> [Material to process]:

_ _ _

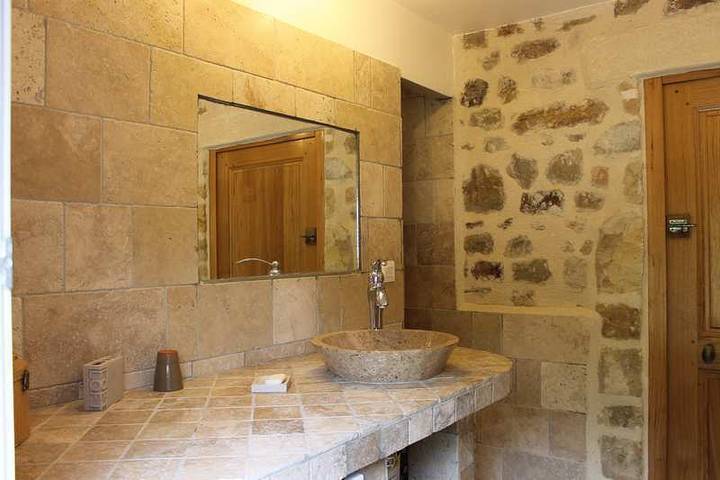 Gîte pour 6 personnes, avec jardin, animaux acceptés à La Chapelle-Rablais - 4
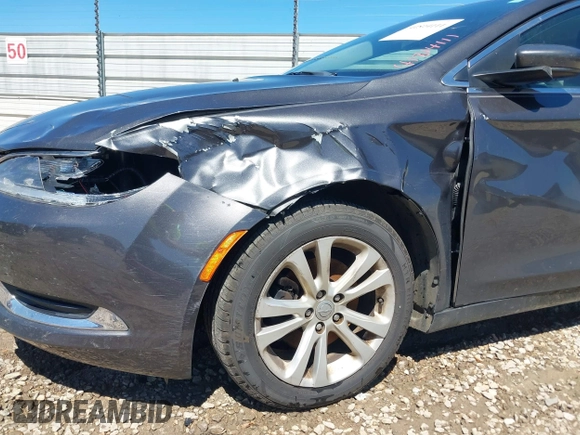 2015 Chrysler 200 Limited with VIN 1C3CCCAB4FN667823, listed as a IAAI auction lot 41814111 with 107,514 mi miles. Bid and sale history available at carsss.com. Image 6.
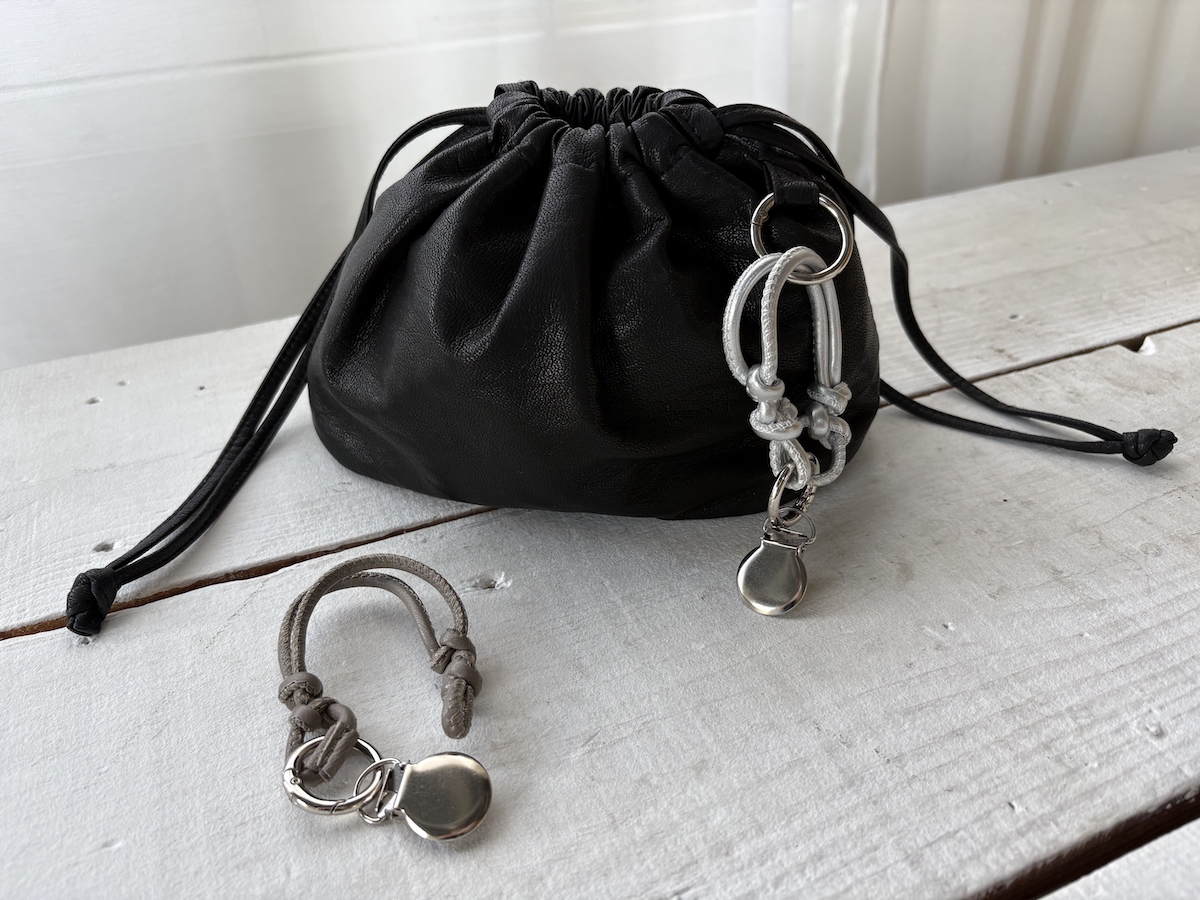 脱いだ帽子をハンズフリーで持ち歩き！街歩きにも子どもと外出にも手放せない「ハットクリップ」スタッフ愛用レポ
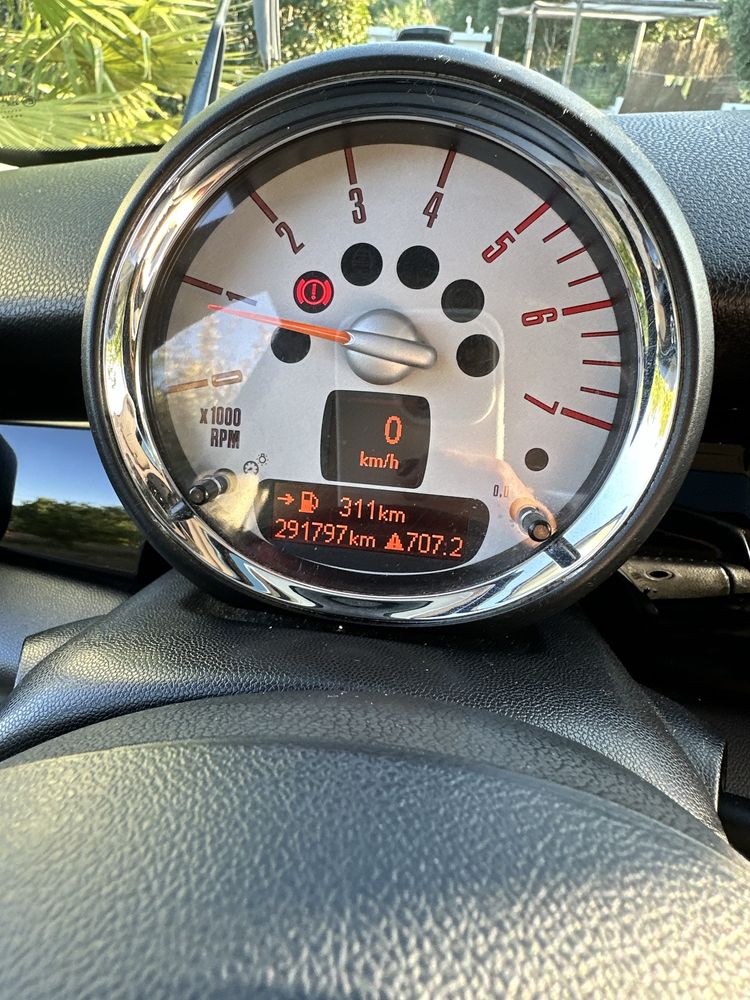 Mini Cooper D    1.6 motor BMW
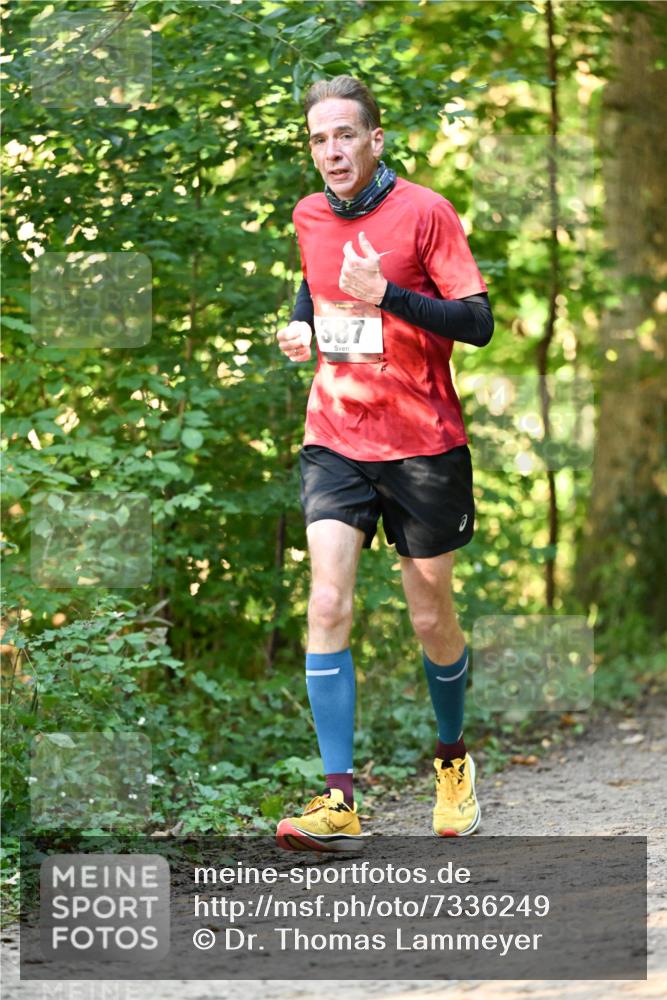 06.10.2024 - Bramfelder Halbmarathon 2024 Dr. Thomas Lammeyer http://msf.ph/oto/7336249 06.10.2024 10:11:38 Laufen 387 meine-sportfotos.de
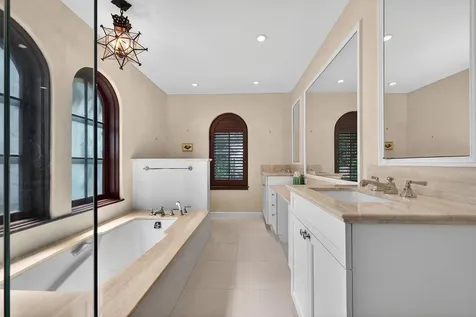 424 Brazilian Avenue Palm Beach FL 33480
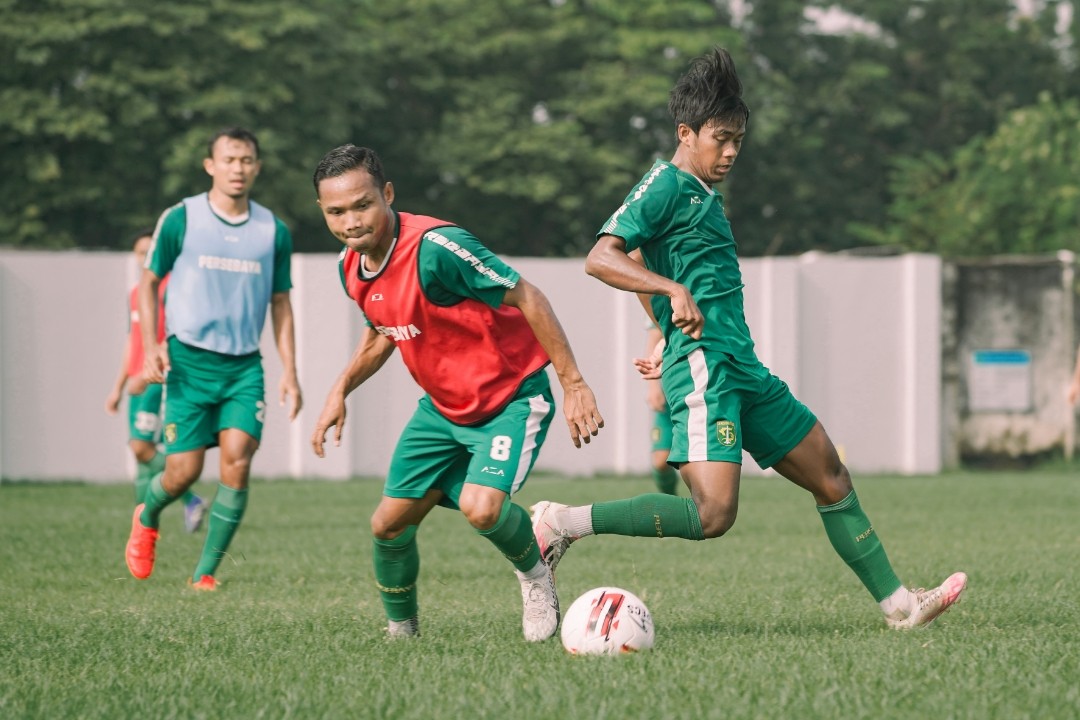 Oktafianus Fernando berebut bola dengan Supriadi pada sesi latihan (Foto / Persebaya)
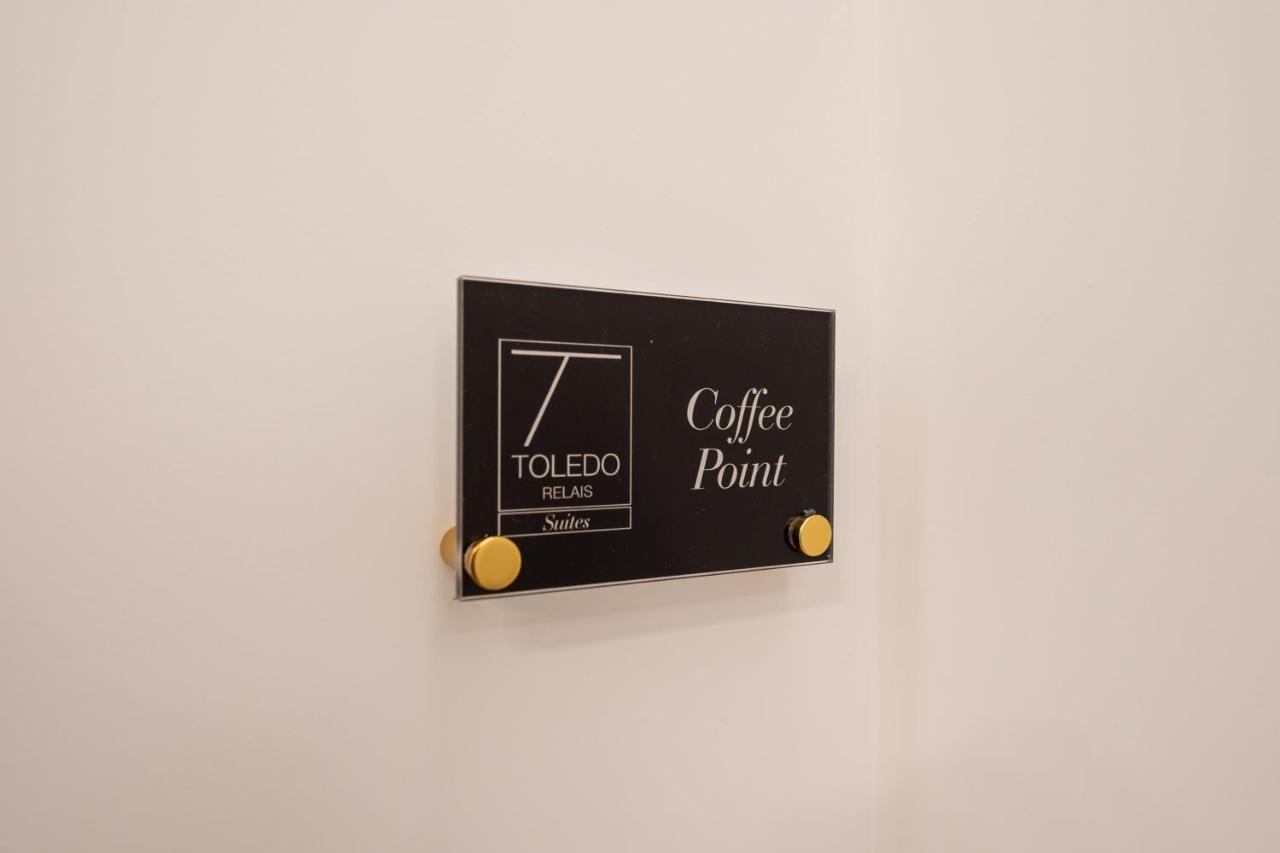Toledo Relais Suites - By Pera Rooms Collection Naples Luaran gambar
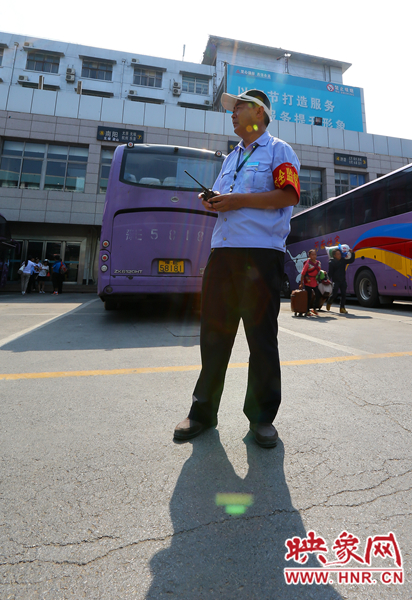 工作性質的緣故，調度員對于太陽的“眷顧”無法回避。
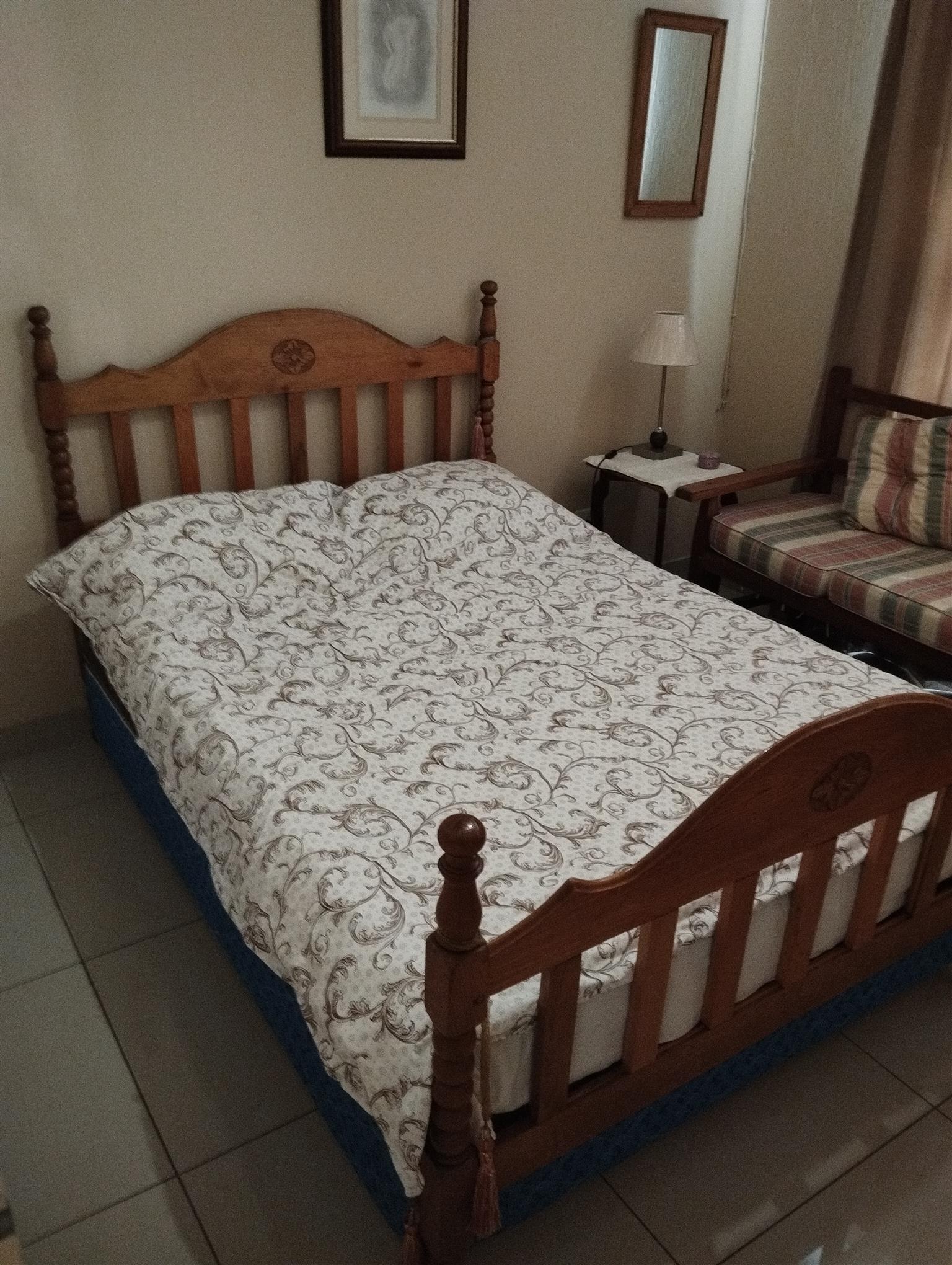 Double bed. Solid oak. Vintage. Double bed. Solid oak. Vintage.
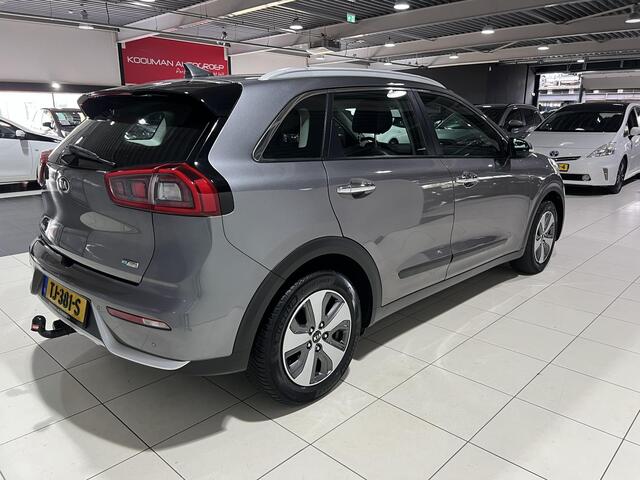 KIA Niro 1.6 GDi Hybrid DynamicLine Trekhaak, Navigatie, Camera.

_ _ _

> [Task prompt]: Please retype the material above exactly, and omit its images.

> [Final answer]:
 Gîte pour 6 personnes, avec jardin, animaux acceptés à La Chapelle-Rablais - 4
 2015 Chrysler 200 Limited with VIN 1C3CCCAB4FN667823, listed as a IAAI auction lot 41814111 with 107,514 mi miles. Bid and sale history available at carsss.com. Image 6.
 脱いだ帽子をハンズフリーで持ち歩き！街歩きにも子どもと外出にも手放せない「ハットクリップ」スタッフ愛用レポ
 Mini Cooper D    1.6 motor BMW
 06.10.2024 - Bramfelder Halbmarathon 2024 Dr. Thomas Lammeyer http://msf.ph/oto/7336249 06.10.2024 10:11:38 Laufen 387 meine-sportfotos.de
 424 Brazilian Avenue Palm Beach FL 33480
 Oktafianus Fernando berebut bola dengan Supriadi pada sesi latihan (Foto / Persebaya)
Toledo Relais Suites - By Pera Rooms Collection Naples Luaran gambar
 工作性質的緣故，調度員對于太陽的“眷顧”無法回避。
 Double bed. Solid oak. Vintage. Double bed. Solid oak. Vintage.
 KIA Niro 1.6 GDi Hybrid DynamicLine Trekhaak, Navigatie, Camera.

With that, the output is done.